- _Source information_:
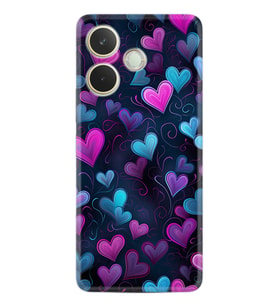 Oppo A5 Pro 5G Kılıf Boutique Baskılı Resimli Mavi Kalp Pcode -082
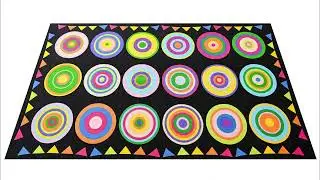 18 seat Children's Classroom Seating Rug for Nursery School
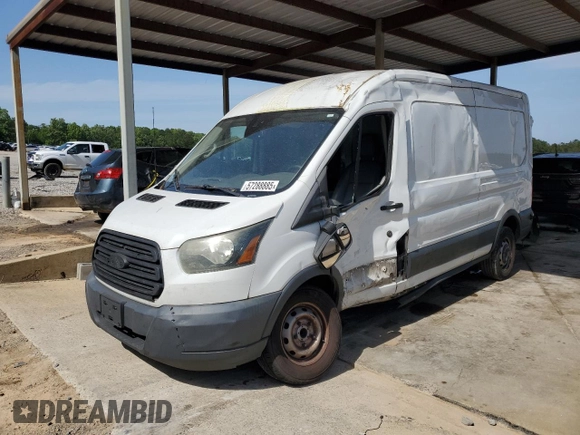 2015 Ford Transit Cargo with VIN 1FTNR2CG0FKA40351, listed as a Copart auction lot 57288885 with 348,368 mi miles and Clean title. Bid and sale history available at DreamBid. Image 1.
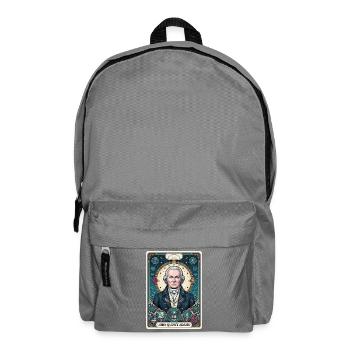 John Quincy Adams Tarot Card - Backpack - elephant grey - Front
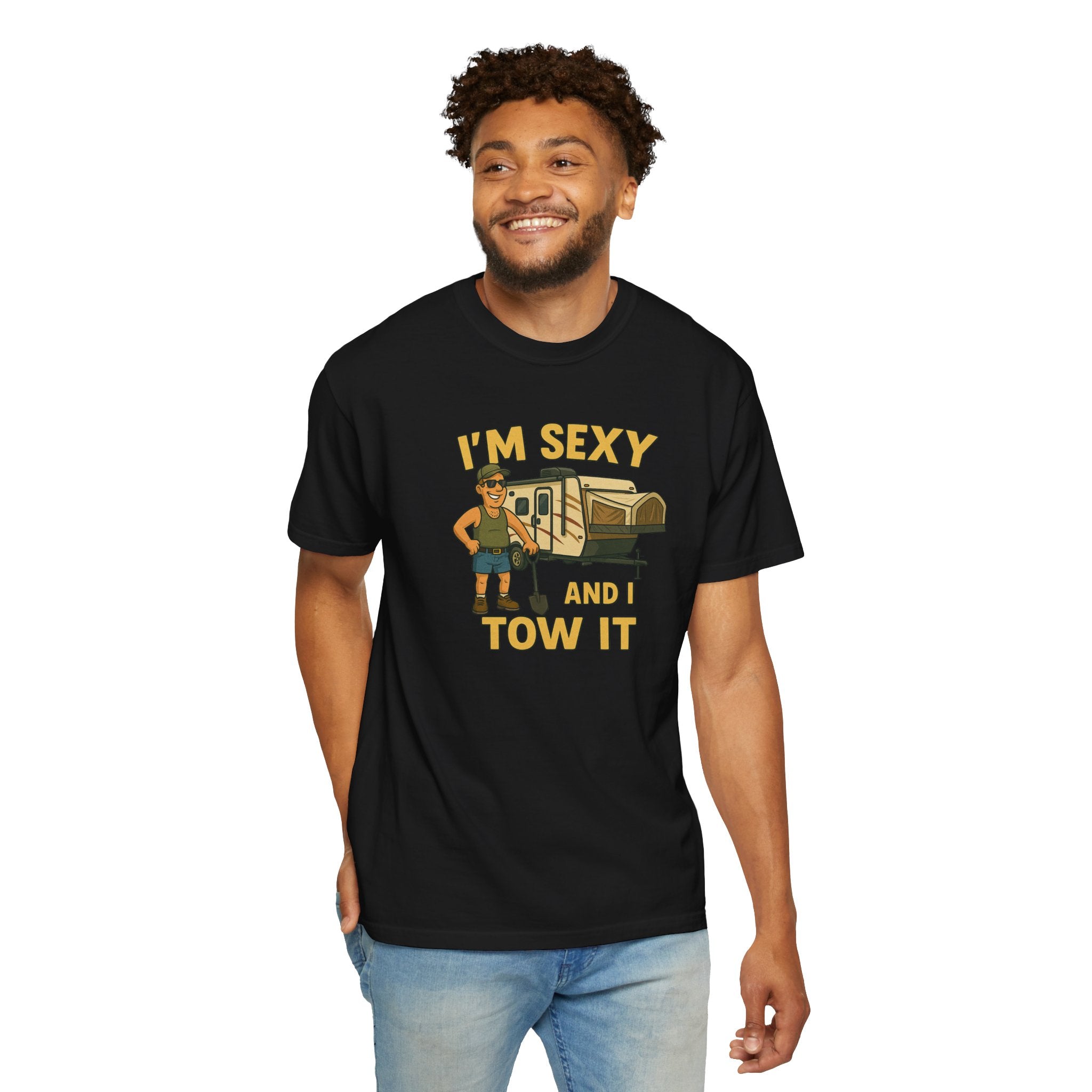 Playful Camping T-Shirt, I'm Sexy and I Tow It Tee, Unisex Outdoor Shirt, Funny Gift for RV Lovers, Travel T-Shirt, Casual Summer Wear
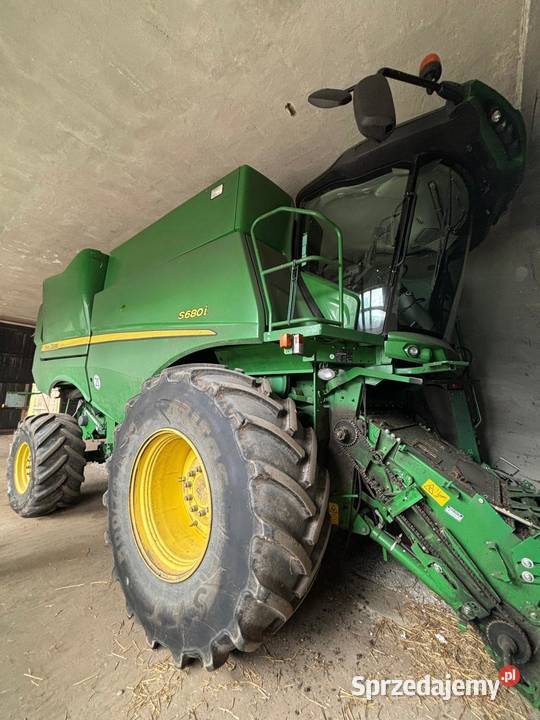 Kombajn zbożowy John Deere S680 2016 24501730 nieuszkodzony dolnośląskie Nowa Ruda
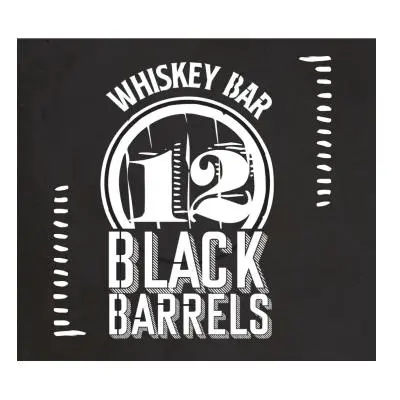 12 Black Barrels - Whiskey Bar лого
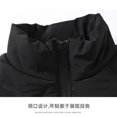thumbnail image 6 of WTOBBY Men's Casual Solid-Color Embossed Down Cotton Vest, Loose Stand-Up Collar Thickened Coat for Winter, Lightweight and Warm for Outdoor and Casual Use,Black L, 6 of 7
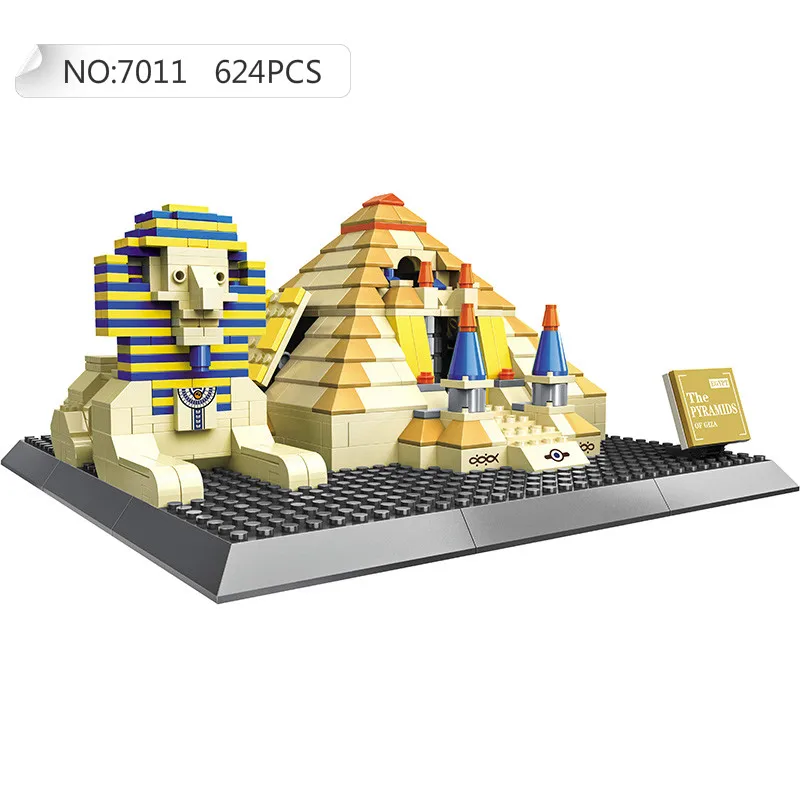 

Wange Building Blocks Compatible with W7011 624P Models Building Kits Blocks Toys Hobby Hobbies For Chlidren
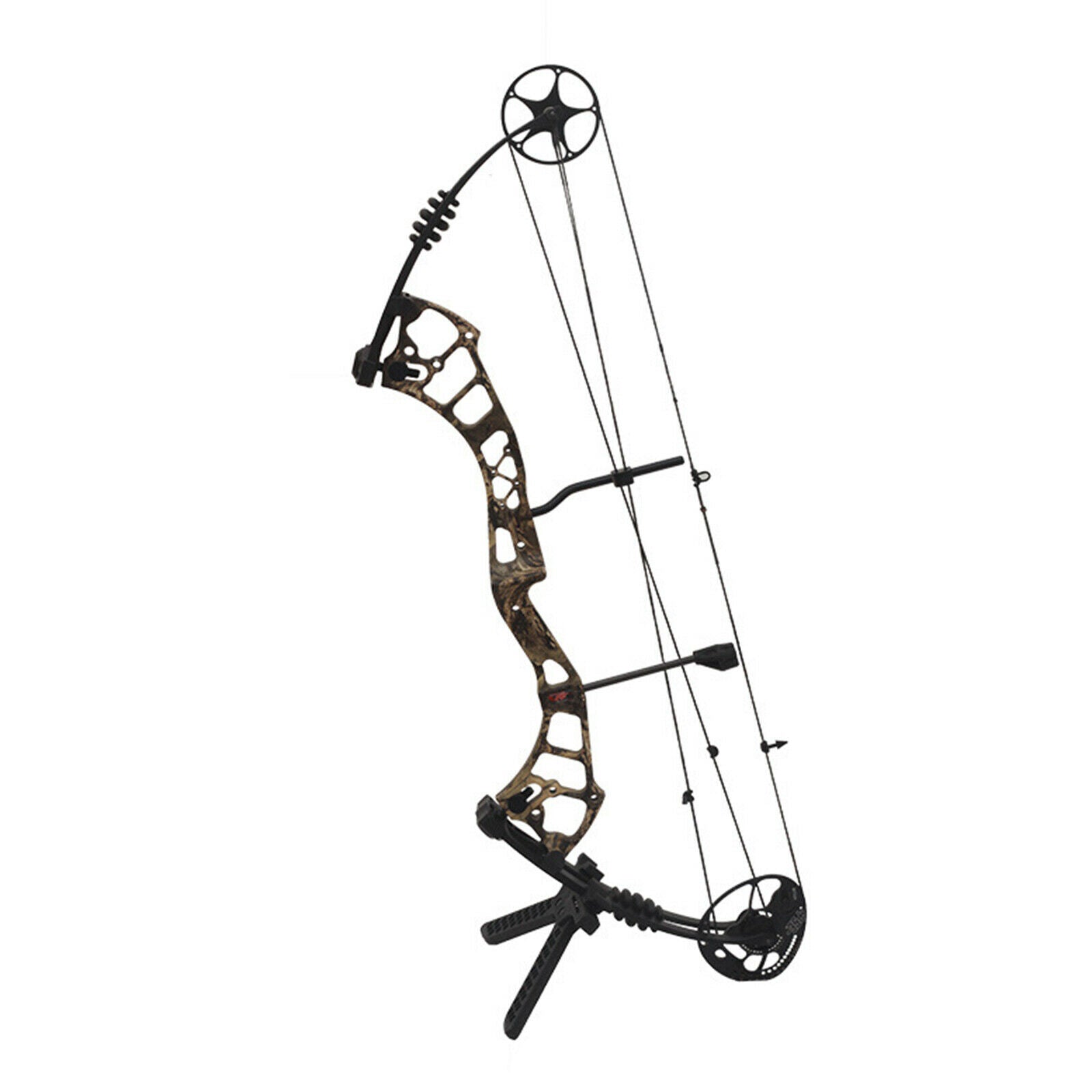 Archery Bow Stand Holder Folding Portable Bows Support Limb Clamp Kickstand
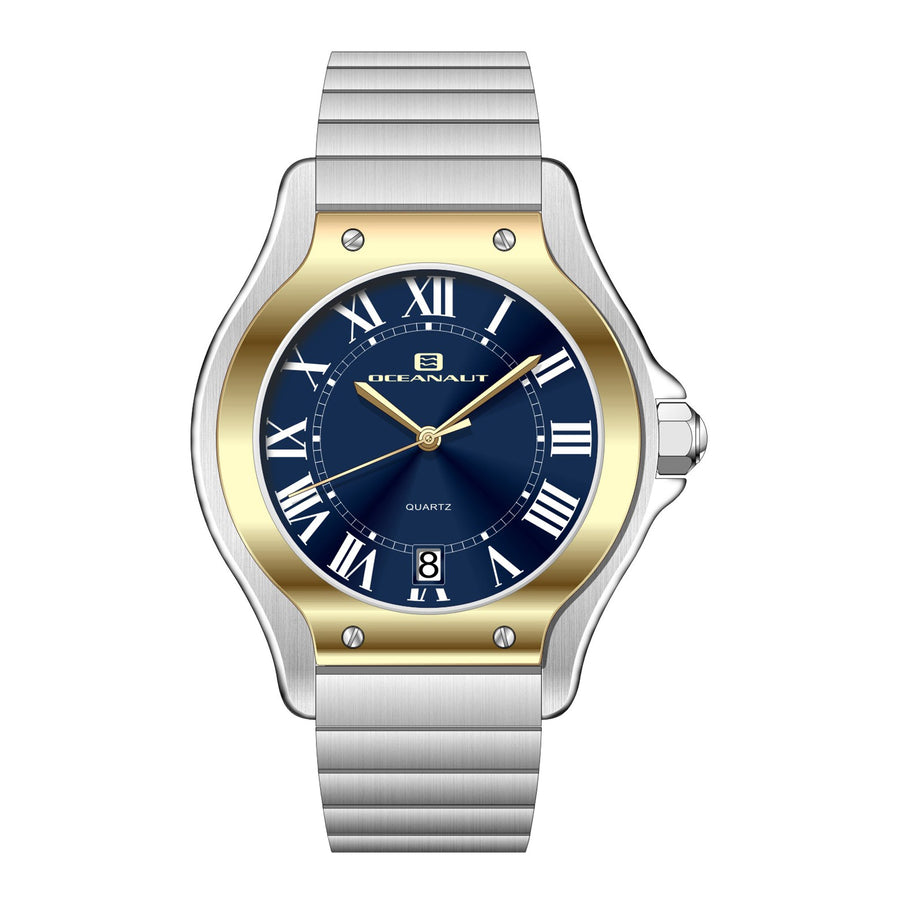 Oceanaut Stainless steel case watch in blue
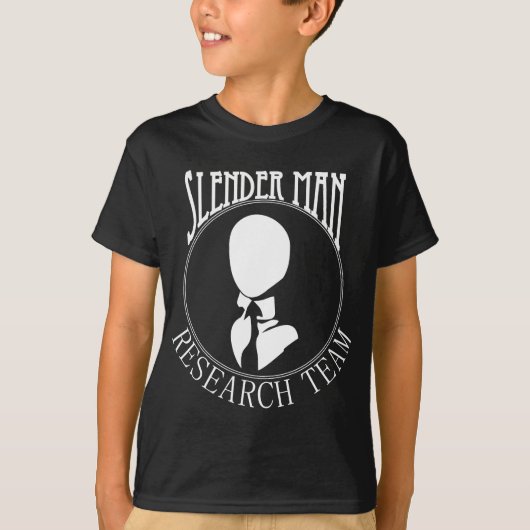 Slender Man Research Team T-shirt (Voorkant)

- _What you are asked to do_:
Copy out every line above without change, dropping the pictures.

- _Reply to the task_:
 Oppo A5 Pro 5G Kılıf Boutique Baskılı Resimli Mavi Kalp Pcode -082
 18 seat Children's Classroom Seating Rug for Nursery School
 2015 Ford Transit Cargo with VIN 1FTNR2CG0FKA40351, listed as a Copart auction lot 57288885 with 348,368 mi miles and Clean title. Bid and sale history available at DreamBid. Image 1.
 John Quincy Adams Tarot Card - Backpack - elephant grey - Front
 Playful Camping T-Shirt, I'm Sexy and I Tow It Tee, Unisex Outdoor Shirt, Funny Gift for RV Lovers, Travel T-Shirt, Casual Summer Wear
 Kombajn zbożowy John Deere S680 2016 24501730 nieuszkodzony dolnośląskie Nowa Ruda
 12 Black Barrels - Whiskey Bar лого
thumbnail image 6 of WTOBBY Men's Casual Solid-Color Embossed Down Cotton Vest, Loose Stand-Up Collar Thickened Coat for Winter, Lightweight and Warm for Outdoor and Casual Use,Black L, 6 of 7

Wange Building Blocks Compatible with W7011 624P Models Building Kits Blocks Toys Hobby Hobbies For Chlidren
 Archery Bow Stand Holder Folding Portable Bows Support Limb Clamp Kickstand
 Oceanaut Stainless steel case watch in blue
 Slender Man Research Team T-shirt (Voorkant)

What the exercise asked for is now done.